** Problem details **
The records below hold a stretch from the line with "صورة الغلاف: Strawberry Girl 9781453227534" through the line with "Picture of Los"; return exactly those lines, ends included, and nothing more.

** Provided material **
-- -- --

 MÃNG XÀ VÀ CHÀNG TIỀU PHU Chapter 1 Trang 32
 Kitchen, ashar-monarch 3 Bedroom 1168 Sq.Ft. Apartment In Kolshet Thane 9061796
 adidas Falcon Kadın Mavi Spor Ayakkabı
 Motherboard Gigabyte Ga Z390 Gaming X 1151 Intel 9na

-- -- --

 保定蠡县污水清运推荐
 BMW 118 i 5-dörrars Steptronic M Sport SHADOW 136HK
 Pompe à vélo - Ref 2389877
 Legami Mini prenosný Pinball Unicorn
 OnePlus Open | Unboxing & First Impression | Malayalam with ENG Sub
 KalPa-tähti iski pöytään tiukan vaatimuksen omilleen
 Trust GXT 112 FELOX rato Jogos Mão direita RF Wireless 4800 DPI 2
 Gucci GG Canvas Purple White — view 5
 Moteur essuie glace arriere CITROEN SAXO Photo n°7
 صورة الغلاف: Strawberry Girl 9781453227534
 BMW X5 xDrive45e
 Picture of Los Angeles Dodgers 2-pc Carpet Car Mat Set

-- -- --

** Exercise solution **
 صورة الغلاف: Strawberry Girl 9781453227534
 BMW X5 xDrive45e
 Picture of Los Angeles Dodgers 2-pc Carpet Car Mat Set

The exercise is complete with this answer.